• TASK OBJECTIVE: Below this line is the material. Write out only its lines from the one containing "Lake Davenport Estates" through the one containing "flc tropical tp", both kept, exactly.

• INPUT MATERIAL:
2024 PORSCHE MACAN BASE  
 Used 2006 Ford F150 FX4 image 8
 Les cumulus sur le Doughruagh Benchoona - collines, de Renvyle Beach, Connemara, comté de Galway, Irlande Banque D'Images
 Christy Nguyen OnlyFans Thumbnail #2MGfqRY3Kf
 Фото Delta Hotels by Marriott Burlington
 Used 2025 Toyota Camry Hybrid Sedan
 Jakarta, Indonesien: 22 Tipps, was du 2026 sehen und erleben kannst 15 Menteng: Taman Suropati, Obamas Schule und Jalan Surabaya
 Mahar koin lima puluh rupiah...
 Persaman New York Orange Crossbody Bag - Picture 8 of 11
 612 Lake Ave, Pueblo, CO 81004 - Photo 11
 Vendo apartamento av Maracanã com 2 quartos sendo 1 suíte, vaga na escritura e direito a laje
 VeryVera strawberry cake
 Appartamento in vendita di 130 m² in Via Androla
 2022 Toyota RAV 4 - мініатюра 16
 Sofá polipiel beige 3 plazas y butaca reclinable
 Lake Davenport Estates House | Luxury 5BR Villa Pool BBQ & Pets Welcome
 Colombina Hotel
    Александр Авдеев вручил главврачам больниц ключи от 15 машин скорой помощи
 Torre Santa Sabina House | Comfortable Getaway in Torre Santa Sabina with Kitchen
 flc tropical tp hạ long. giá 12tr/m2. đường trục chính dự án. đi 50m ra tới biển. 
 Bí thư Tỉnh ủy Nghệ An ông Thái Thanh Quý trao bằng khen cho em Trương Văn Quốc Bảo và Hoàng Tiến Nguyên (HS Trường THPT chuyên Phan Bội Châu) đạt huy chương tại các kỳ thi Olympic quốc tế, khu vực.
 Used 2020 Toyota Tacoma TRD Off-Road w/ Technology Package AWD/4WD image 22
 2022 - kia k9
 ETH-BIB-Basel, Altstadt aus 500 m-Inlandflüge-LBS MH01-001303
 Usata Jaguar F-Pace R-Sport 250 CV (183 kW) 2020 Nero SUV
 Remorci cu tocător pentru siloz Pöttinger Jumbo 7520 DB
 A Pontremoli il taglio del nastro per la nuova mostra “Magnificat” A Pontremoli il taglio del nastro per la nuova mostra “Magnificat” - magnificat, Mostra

• THE ANSWER:
 Lake Davenport Estates House | Luxury 5BR Villa Pool BBQ & Pets Welcome
 Colombina Hotel
    Александр Авдеев вручил главврачам больниц ключи от 15 машин скорой помощи
 Torre Santa Sabina House | Comfortable Getaway in Torre Santa Sabina with Kitchen
 flc tropical tp hạ long. giá 12tr/m2. đường trục chính dự án. đi 50m ra tới biển. 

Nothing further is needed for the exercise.